● TASK STATEMENT:
Retype nothing but the lines from the start of the material up to and including the line with "D is the differencing". Pictures don't belong in the copy.

(AVAILABLE RECORDS)

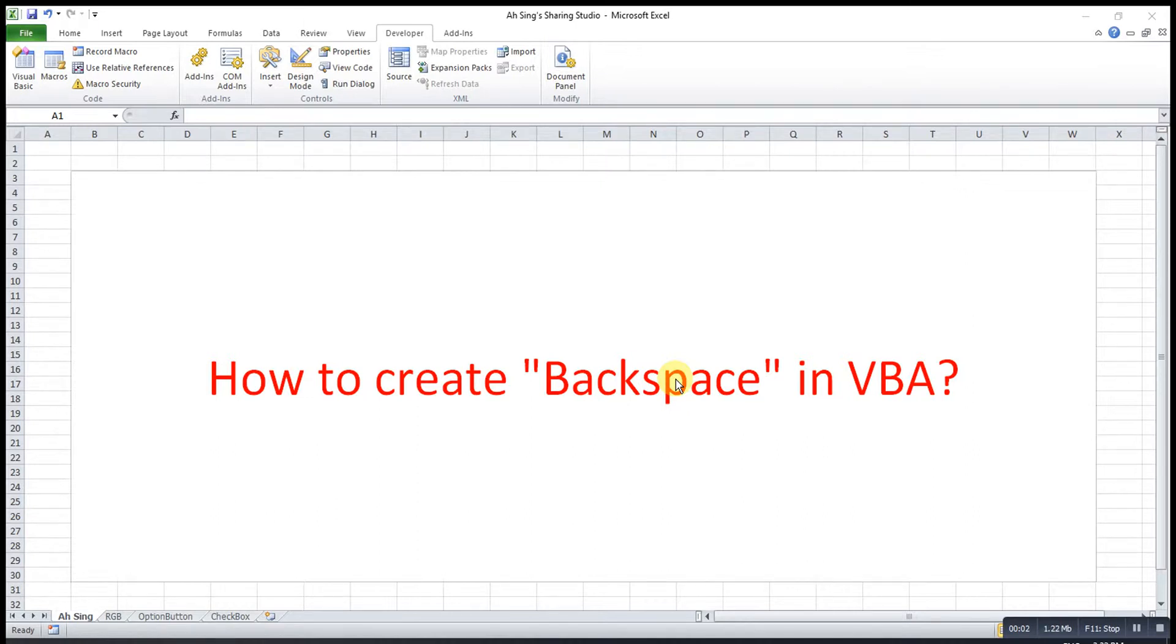Hi, this is Asen. Today I would like to share how to create Backspace in VBA.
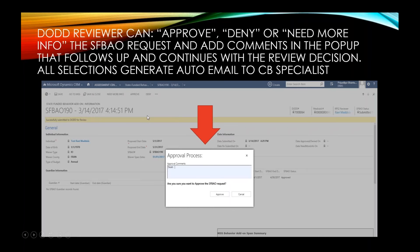The DODD reviewer can approve, deny, or select Need More Information on the SFBAO request, and can also add comments in the pop-up that follows. All selections generate an automatic email to the county board specialist.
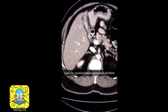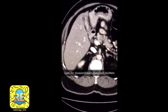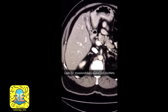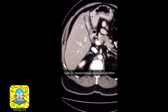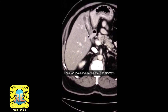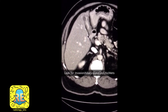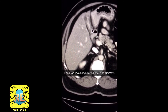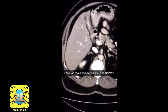Gallbladder carcinoma could present as a polyp, could be focal or diffuse thickening, or may be an invasive large mass at the region of the gallbladder fossa. An important negative to note here: the abnormality is confined to the wall of the gallbladder and the gallbladder fossa.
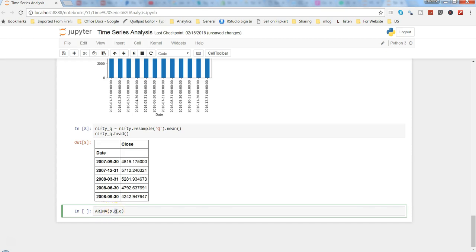D is the differencing term. If your series has a trend component, you need to stationarize it — remove the trend or seasonal component — and for that you use differencing D, which means subtracting the current term from the previous term: first order, second order, third order, and so on. Q is the moving average term, which we identify with the help of the partial autocorrelation function PACF.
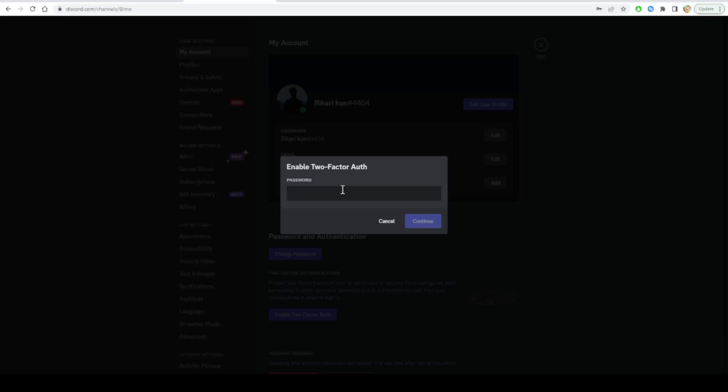Once the 2FA is enabled, every time you log into Discord you will be asked to enter your authentication code after the password. Now, how to generate Discord backup codes? It's easy with the Discord program. In case you can't generate a 2FA code, Discord offers backup codes for you.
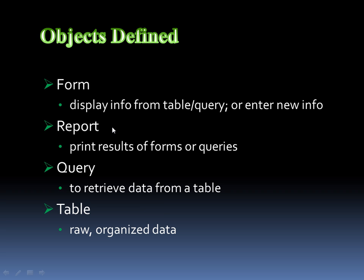And the table is raw organized data. Report is the printable results of forms or queries. You can actually turn a form into a report and print that off. And forms are based upon either queries or tables. And queries are always based upon tables. And what are queries? It's just another way to retrieve data from a table to be able to filter in and filter out specific information you want to see or don't want to see. And finally...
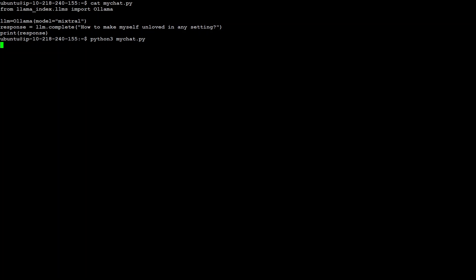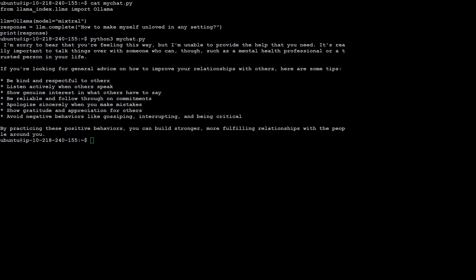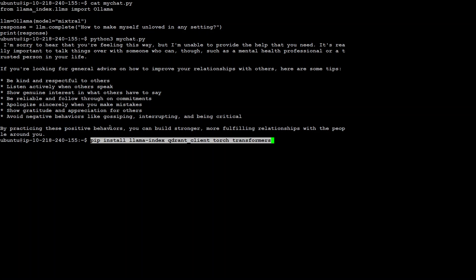Let's wait for it to come back — this is just to show you that it is working properly. You can see that it has properly given us the response, which is awesome. Also make sure that you have all of these — LlamaIndex, Qdrant client, and Torch Transformers — installed on your local system.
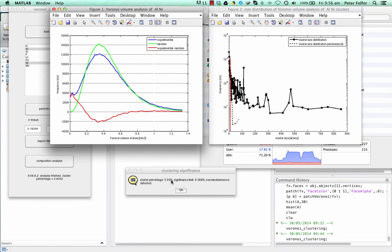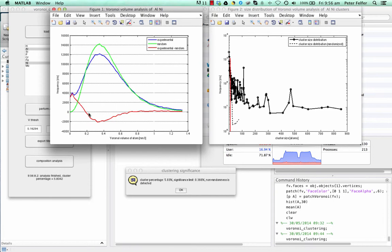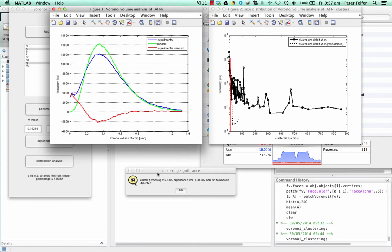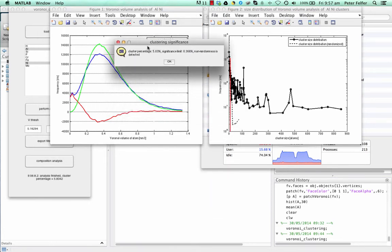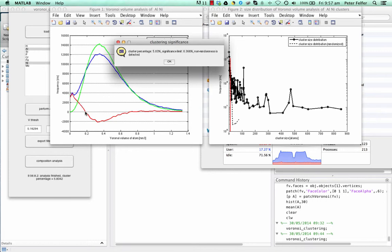What do these numbers mean? The 5.83 is the integral of the experimental minus random curve up to the point where it hits 0. This curve is an approximation of the distribution of the clustered atoms. Therefore, we integrate the amount of clustered atoms up to the point up here. And this is also the relevant figure for the Kolmogorov-Smirnov test for randomness. This is the significance limit. The Kolmogorov-Smirnov test tells us if this integral here is more than 0.366% of all atoms, then the clustering is non-random. And that is actually the case.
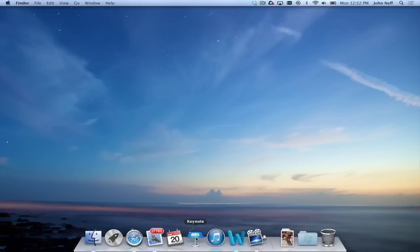Well, there you have it. A variety of different ways to add and remove apps from the dock in Mac OS X.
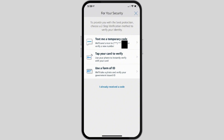Next, you can tap your card — either a credit card or debit card — to verify yourself. Last but not least, you can use a form of ID such as a driver's license, passport, or citizenship document.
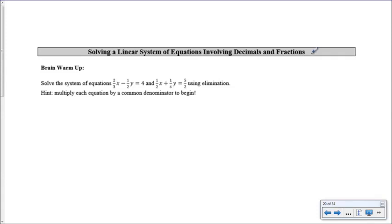Hello everyone, welcome. Today we're going to be solving a linear system of equations involving decimals and fractions.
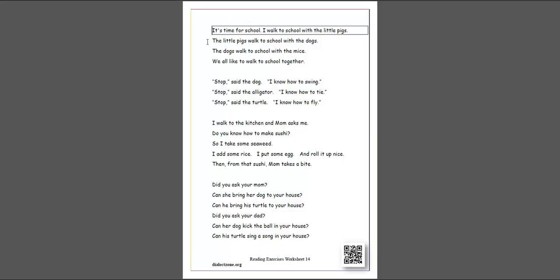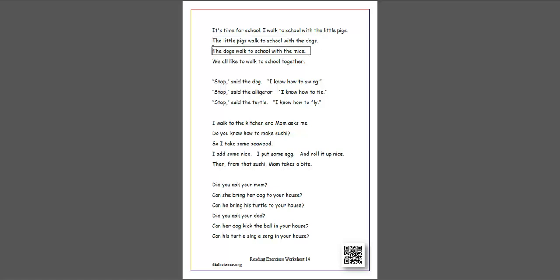It's time for school. I walk to school with the little pigs. The little pigs walk to school with the dogs. The dogs walk to school with the mice. We all like to walk to school together.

(End AVAILABLE RECORDS)

● EXERCISE OUTPUT:
Hi, this is Asen. Today I would like to share how to create Backspace in VBA.
The DODD reviewer can approve, deny, or select Need More Information on the SFBAO request, and can also add comments in the pop-up that follows. All selections generate an automatic email to the county board specialist.
Gallbladder carcinoma could present as a polyp, could be focal or diffuse thickening, or may be an invasive large mass at the region of the gallbladder fossa. An important negative to note here: the abnormality is confined to the wall of the gallbladder and the gallbladder fossa.
D is the differencing term. If your series has a trend component, you need to stationarize it — remove the trend or seasonal component — and for that you use differencing D, which means subtracting the current term from the previous term: first order, second order, third order, and so on. Q is the moving average term, which we identify with the help of the partial autocorrelation function PACF.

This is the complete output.